**WORK INSTRUCTIONS**
Among the records that follow, set down only the lines from the one containing "купить компютер бу: Samsung" to the one containing "More photos of 2019", both included, exactly.

**EXTRACTED ENTRIES**
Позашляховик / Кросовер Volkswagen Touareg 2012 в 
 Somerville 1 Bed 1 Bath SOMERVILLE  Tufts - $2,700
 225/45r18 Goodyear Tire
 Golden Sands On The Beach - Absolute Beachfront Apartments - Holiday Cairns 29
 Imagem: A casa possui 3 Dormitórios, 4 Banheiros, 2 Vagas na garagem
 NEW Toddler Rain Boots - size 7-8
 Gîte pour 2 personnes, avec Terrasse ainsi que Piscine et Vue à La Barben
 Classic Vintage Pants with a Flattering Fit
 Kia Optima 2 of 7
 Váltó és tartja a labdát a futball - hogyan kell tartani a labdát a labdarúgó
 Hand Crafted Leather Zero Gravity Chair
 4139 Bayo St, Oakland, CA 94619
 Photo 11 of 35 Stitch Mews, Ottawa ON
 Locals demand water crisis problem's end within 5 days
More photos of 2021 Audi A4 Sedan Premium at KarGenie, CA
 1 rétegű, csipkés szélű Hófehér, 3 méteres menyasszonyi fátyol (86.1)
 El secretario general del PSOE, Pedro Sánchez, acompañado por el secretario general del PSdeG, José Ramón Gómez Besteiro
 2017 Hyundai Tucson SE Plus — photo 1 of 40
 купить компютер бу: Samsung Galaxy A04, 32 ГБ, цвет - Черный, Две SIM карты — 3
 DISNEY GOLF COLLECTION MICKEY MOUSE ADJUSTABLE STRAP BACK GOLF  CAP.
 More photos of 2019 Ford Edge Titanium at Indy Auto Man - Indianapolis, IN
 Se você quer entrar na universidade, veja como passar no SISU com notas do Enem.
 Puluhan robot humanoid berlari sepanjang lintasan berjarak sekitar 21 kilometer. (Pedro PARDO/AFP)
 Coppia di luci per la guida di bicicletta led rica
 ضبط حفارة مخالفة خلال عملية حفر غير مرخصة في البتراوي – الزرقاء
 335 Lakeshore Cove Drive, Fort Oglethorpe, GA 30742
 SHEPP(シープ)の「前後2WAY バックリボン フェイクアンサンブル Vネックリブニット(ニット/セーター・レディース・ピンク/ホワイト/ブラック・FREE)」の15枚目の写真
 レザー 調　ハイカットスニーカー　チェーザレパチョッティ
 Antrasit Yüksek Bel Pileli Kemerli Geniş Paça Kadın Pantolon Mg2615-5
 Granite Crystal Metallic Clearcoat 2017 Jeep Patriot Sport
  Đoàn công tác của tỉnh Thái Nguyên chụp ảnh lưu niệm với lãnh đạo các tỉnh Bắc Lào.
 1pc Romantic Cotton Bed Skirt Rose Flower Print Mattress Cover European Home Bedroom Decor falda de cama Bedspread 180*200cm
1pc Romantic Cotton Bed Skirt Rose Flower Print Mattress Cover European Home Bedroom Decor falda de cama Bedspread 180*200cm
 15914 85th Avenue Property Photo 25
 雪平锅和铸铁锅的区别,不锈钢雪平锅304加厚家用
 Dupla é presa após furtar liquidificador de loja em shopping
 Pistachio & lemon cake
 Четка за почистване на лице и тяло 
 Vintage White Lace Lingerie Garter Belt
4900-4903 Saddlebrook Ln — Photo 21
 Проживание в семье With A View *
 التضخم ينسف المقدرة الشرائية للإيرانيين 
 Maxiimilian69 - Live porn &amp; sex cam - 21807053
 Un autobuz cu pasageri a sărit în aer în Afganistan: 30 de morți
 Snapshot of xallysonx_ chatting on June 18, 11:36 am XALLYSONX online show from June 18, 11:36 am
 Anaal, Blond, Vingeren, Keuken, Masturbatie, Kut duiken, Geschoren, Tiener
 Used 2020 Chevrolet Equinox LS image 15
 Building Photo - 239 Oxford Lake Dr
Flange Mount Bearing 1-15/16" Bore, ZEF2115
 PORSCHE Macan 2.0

**EXERCISE ANSWER**
 купить компютер бу: Samsung Galaxy A04, 32 ГБ, цвет - Черный, Две SIM карты — 3
 DISNEY GOLF COLLECTION MICKEY MOUSE ADJUSTABLE STRAP BACK GOLF  CAP.
 More photos of 2019 Ford Edge Titanium at Indy Auto Man - Indianapolis, IN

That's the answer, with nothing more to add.